Task to complete: The expected output is an exact copy of the lines from the one containing "this 380×253 image." to the final line below, minus any pictures.

───── Data for processing ─────

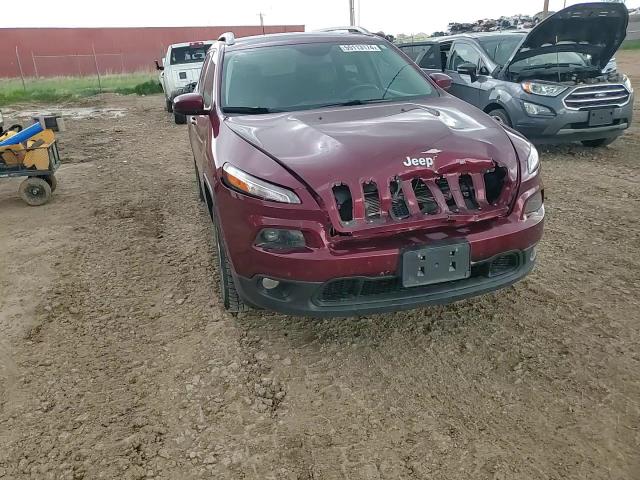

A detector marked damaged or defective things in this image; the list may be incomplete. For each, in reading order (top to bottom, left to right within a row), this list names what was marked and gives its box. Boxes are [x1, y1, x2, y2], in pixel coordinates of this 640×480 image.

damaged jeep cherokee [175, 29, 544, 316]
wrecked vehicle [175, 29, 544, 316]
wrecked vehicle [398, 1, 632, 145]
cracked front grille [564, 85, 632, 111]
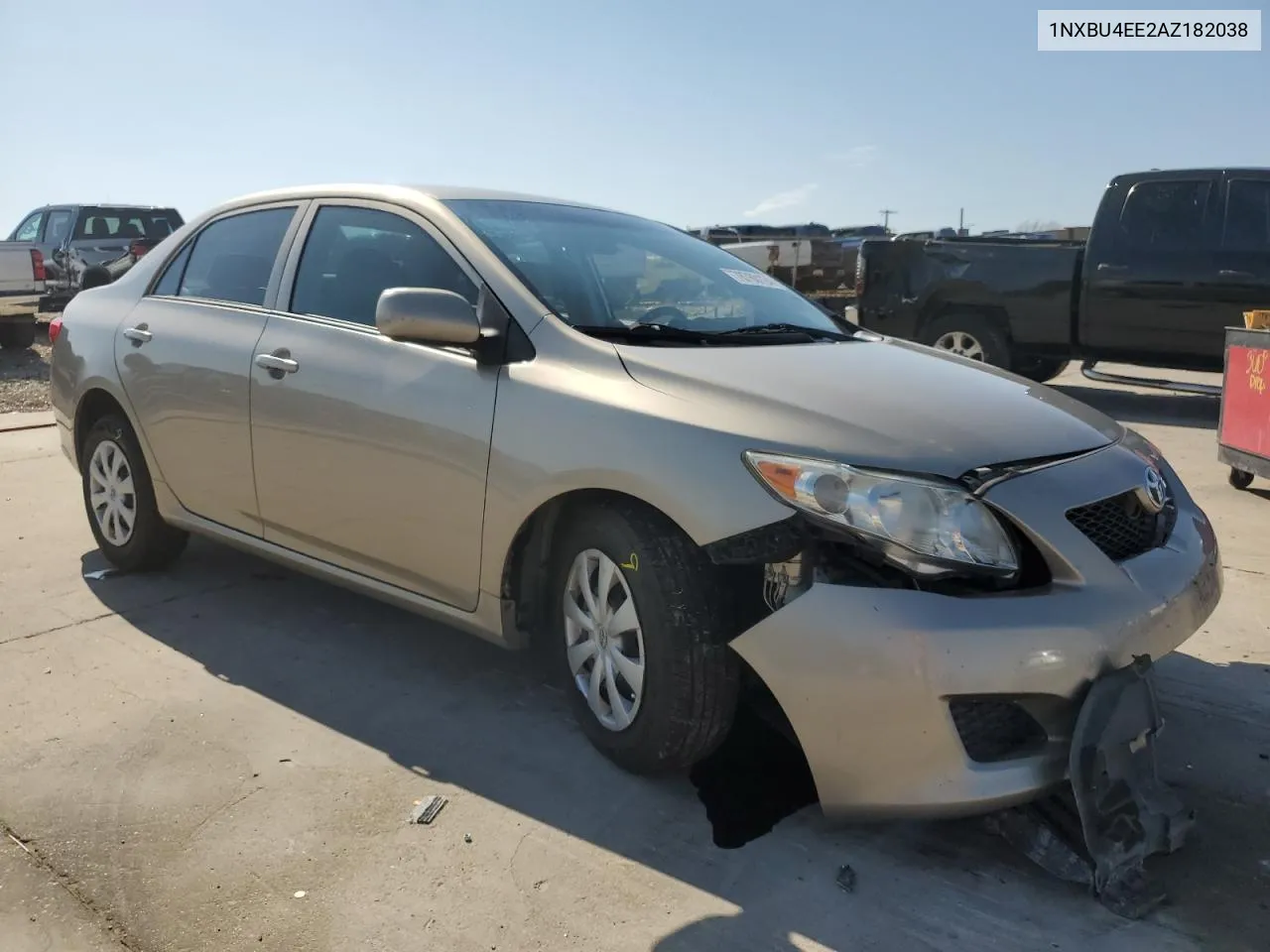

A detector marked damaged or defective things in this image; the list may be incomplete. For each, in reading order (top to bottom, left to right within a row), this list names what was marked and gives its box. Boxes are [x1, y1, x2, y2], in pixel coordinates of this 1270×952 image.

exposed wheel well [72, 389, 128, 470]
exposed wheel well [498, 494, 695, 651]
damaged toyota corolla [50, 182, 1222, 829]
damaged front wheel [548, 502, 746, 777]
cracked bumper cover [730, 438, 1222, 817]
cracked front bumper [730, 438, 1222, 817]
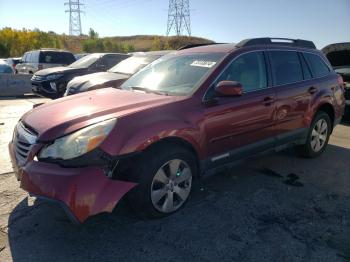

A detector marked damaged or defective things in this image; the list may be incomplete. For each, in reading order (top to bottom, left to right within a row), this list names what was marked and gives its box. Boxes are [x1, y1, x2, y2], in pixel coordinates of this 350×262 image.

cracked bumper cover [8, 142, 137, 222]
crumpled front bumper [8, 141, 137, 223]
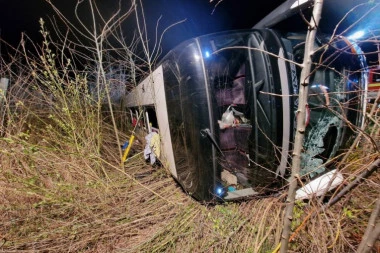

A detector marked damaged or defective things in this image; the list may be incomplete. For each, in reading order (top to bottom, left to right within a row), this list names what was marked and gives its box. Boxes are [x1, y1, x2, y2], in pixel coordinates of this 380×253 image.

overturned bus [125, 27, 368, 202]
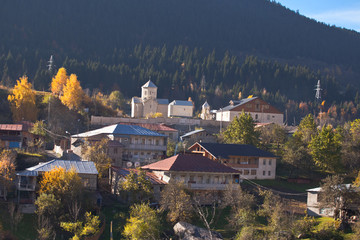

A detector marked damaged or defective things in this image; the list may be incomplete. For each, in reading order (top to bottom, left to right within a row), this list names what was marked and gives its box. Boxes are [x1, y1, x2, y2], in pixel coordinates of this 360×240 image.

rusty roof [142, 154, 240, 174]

─────

Result:
A detector marked damaged or defective things in this image; the list may be incomplete. For each, in reading order (top to bottom, left to right within a row), this list names what was marked and gives its box. Boxes are [x1, y1, x2, y2], in pixel coordinates of this 380×253 image.

overturned bus [125, 27, 368, 202]

A detector marked damaged or defective things in this image; the list may be incomplete. For each, in reading order (top to bottom, left to right within a row), this list names what was marked and gives its box. Boxes are [x1, y1, x2, y2], in pixel coordinates of this 360×240 image.

rusty roof [142, 154, 240, 174]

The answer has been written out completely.